> **Exercise details**
All lines from the one containing "Reflective silver fishing" down to the one containing "Eje de dirección", both ends included, are to be given again exactly; omit the rest of the listing below.

> **Provided records**
════════════════
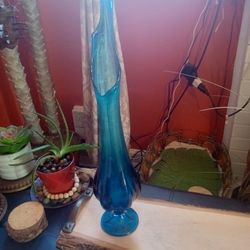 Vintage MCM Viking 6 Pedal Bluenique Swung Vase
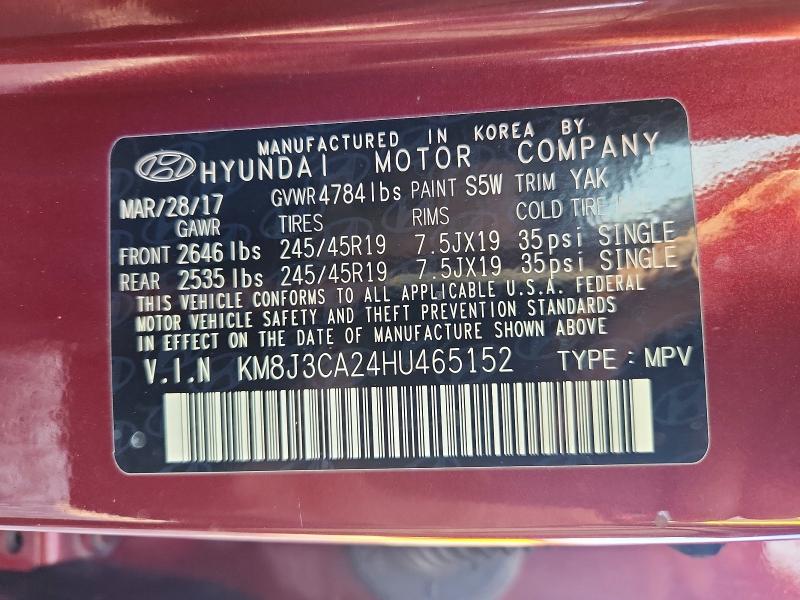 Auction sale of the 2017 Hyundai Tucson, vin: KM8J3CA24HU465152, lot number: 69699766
════════════════
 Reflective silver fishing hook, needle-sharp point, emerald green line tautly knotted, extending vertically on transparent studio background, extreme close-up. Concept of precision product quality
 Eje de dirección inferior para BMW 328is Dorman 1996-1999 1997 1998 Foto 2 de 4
════════════════
> **Response area**
 Reflective silver fishing hook, needle-sharp point, emerald green line tautly knotted, extending vertically on transparent studio background, extreme close-up. Concept of precision product quality
 Eje de dirección inferior para BMW 328is Dorman 1996-1999 1997 1998 Foto 2 de 4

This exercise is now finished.